12-Stunden-Tage für 500 Euro Monatslohn


Ausbeutung durch falsche Teilzeitjobs

Der Juli war ein Rekordmonat. 7,9 Millionen ausländische Touristen besuchten Spanien, mehr als je zuvor zur gleichen Jahreszeit. Die Sozialversicherung registrierte einen Anstieg der angemeldeten Mitarbeiter im Hotel- und Gaststättengewerbe um 0,4%. Insgesamt reduzierte sich die Arbeitslosigkeit im Juli um 64.866 Personen, was 1,36% entspricht.

Madrid – Es ist schon der fünfte Monat hintereinander, in dem die offiziellen Arbeitslosenzahlen sinken.

Ein Grund zur Freude? Oder gar zum Aufatmen? Die Gewerkschaften sind da anderer Meinung. Sie halten den Rückgang der arbeitslos gemeldeten Erwerbsfähigen einerseits für saisonbedingt, andererseits auch für in der Entmutigung begründet. Viele Arbeitslose  haben die Hoffnung, dass ihnen das Arbeitsamt zu einer Stelle verhelfen kann, nach zahllosen Rückschlägen aufgegeben und melden sich nicht mehr weiter bei der Behörde.

Zudem sei der Rückgang nur vor dem Hintergrund der Zunahme prekärer Beschäftigung möglich geworden.

Gewerkschafter und auch Arbeitsinspektoren wissen von zahlreichen Beschäftigungsverhältnissen zu berichten, die krass ausbeuterisch angelegt sind und meist im Gewand von Minijobs und Teilzeitarbeit daher kommen. So ist dieser Sommer für die Arbeitnehmervertretungen auch ein Rekordsommer, was die Fälle angeht, bei denen Arbeitnehmer gezwungen sind, das Doppelte oder gar das Dreifache der angemeldeten und ihnen bezahlten Stunden zu leisten.

Eine Kellnerin aus Galizien muss für 500 Euro monatlich regelmäßig 12-Stunden-Schichten schieben und kommt auf ein Mehrfaches der vertraglich vereinbarten 20-Stunden-Woche. Ohne die Hilfe ihrer Eltern könnte die zweifache Mutter nicht über die Runden kommen.

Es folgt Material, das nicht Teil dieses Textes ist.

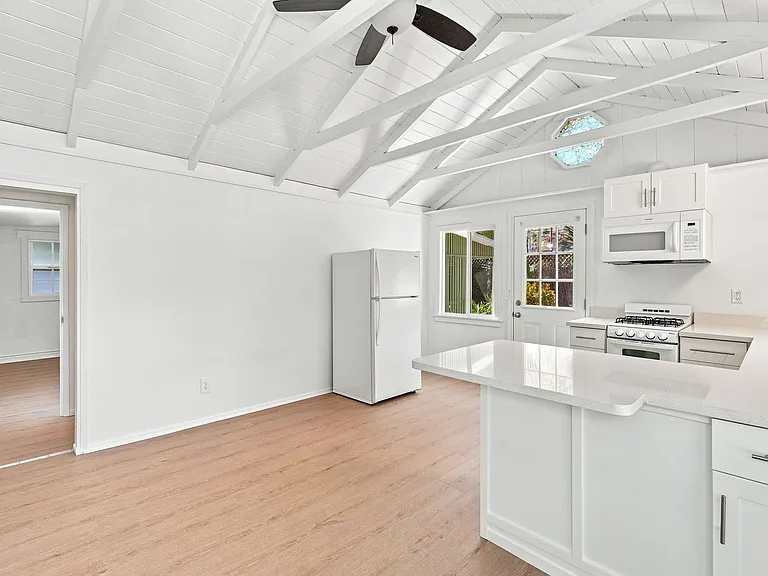 1133 Laguna Canyon Rd #A — Photo 12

Ein Koch in einem kleinen Familienhotel arbeitet 110 Stunden pro Woche für 1.600 Euro und hat dabei noch Glück, denn zehn Kollegen, die nach ihm angestellt wurden, arbeiten genauso viel wie er, haben jedoch Teilzeitverträge und verdienen nur die Hälfte.

Auf Mallorca sind in einem einzigen Familienhotel 33 Praktikanten festgestellt worden, ein Drittel der Belegschaft. Im vergangenen Jahr prangerte die Gewerkschaft UGT den Fall eines Fünfsternehotels im Norden der Insel an, wo vierzehn falsche Praktikanten aus Rumänien für 350 Euro im Monat arbeiteten. Die Gewerkschaft untersucht noch 50 weitere solcher Fälle allein auf den Balearen, wo reguläre sozialversicherungspflichtige Arbeitsplätze unter dem Vorwand der Ausbildung durch Billigkräfte ersetzt werden.

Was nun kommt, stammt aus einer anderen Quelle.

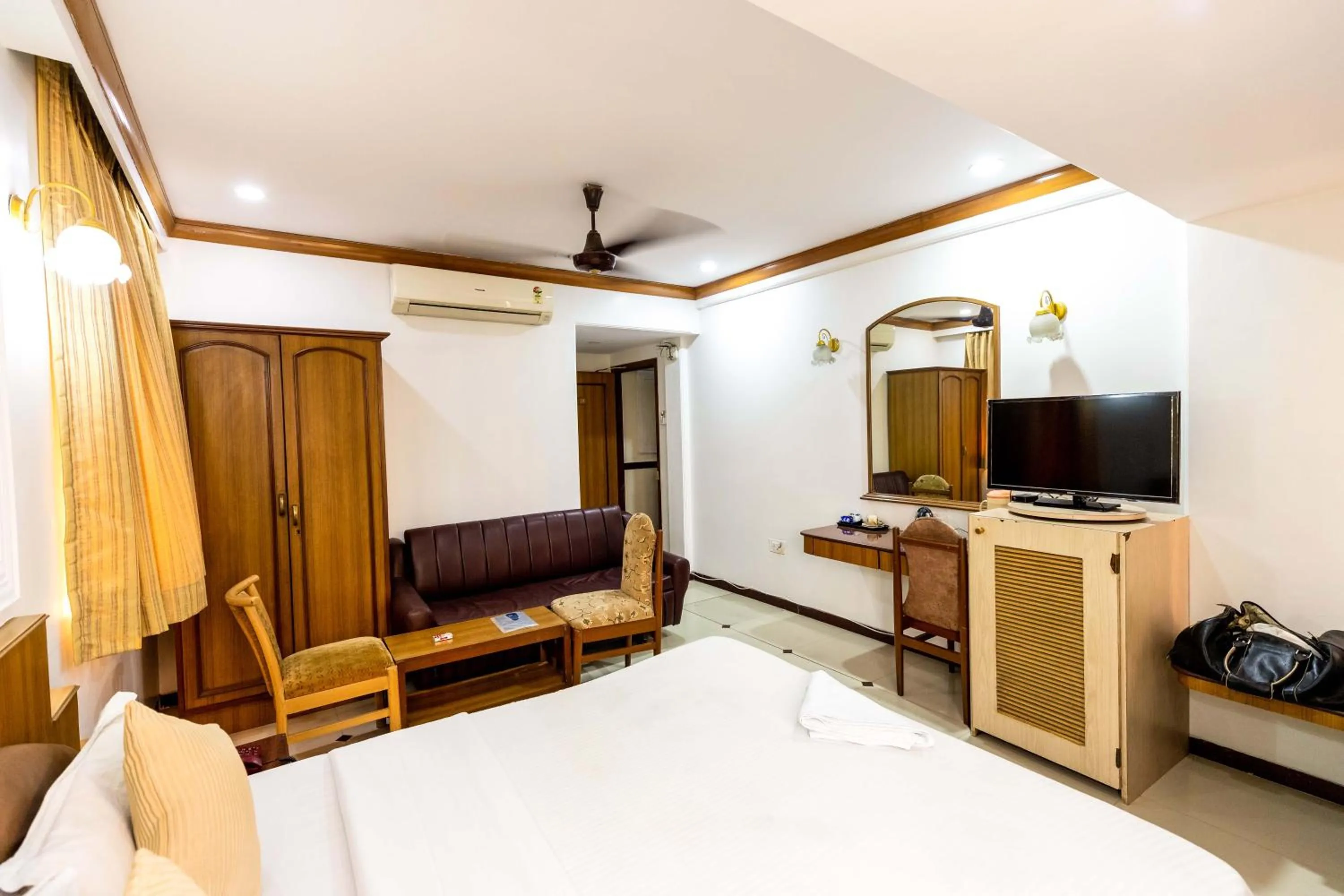 Bedroom in Hotel Parklane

Teilzeitverträge haben seit Beginn der Krise Hochkonjunktur, auf jeweils zwei neue Vollzeitarbeitsstellen kommt eine Teilzeitanstellung. Viele davon beinhalten versteckt deutlich längere Arbeitszeiten. Auch die Scheinselbstständigkeit und das Subunternehmertum erleben neue Höhepunkte. Arbeitnehmer werden entlassen und arbeiten als Selbstständige auf demselben Platz weiter wie vorher, nur mit deutlich geringerem Gehalt und der Pflicht, ihre Sozialversicherung selbst zu zahlen.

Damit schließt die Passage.